- Records for this task
┄┄┄┄┄┄
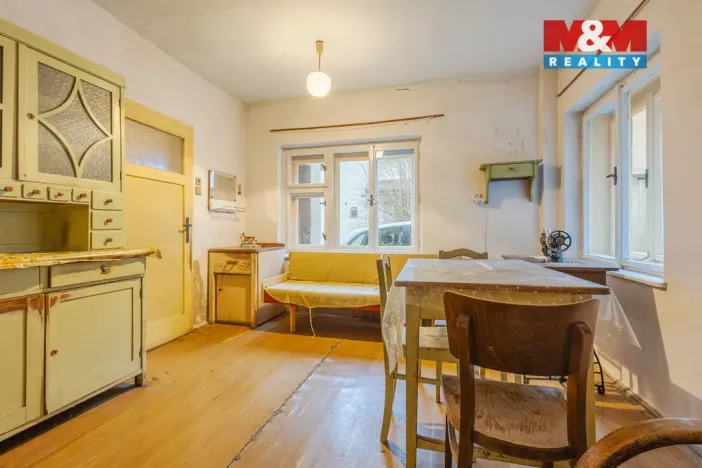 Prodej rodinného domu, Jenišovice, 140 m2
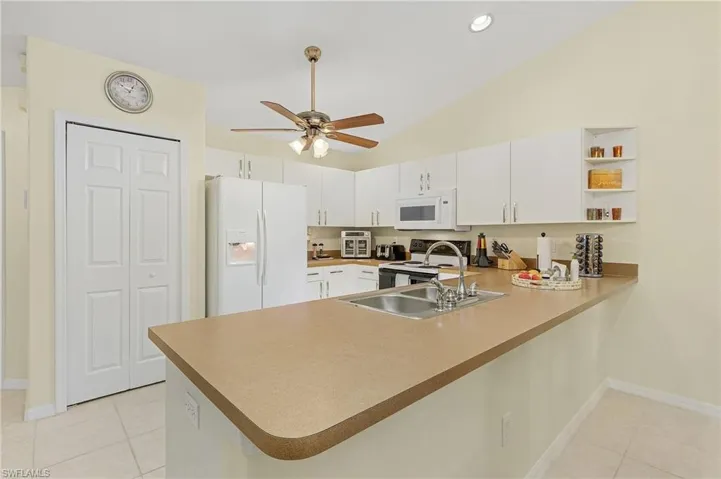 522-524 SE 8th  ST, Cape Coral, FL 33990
┄┄┄┄┄┄
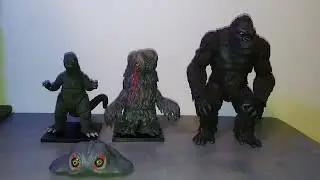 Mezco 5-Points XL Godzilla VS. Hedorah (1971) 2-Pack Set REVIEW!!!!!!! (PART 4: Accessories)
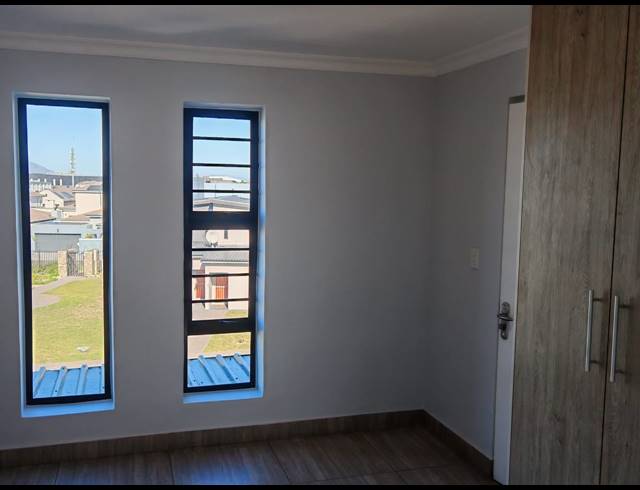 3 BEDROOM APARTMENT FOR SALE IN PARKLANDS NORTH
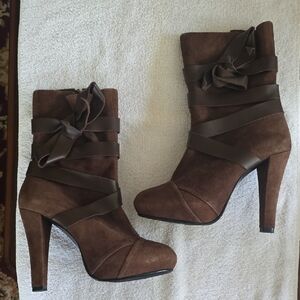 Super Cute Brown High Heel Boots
┄┄┄┄┄┄
- Work request
Beginning with the line holding "Prodej rodinného domu, Jenišovice, 140 m2" in the material above, restate word for word each line through the line holding "522-524 SE 8th", and exclude pictures.

- Solution for this problem
 Prodej rodinného domu, Jenišovice, 140 m2
 522-524 SE 8th  ST, Cape Coral, FL 33990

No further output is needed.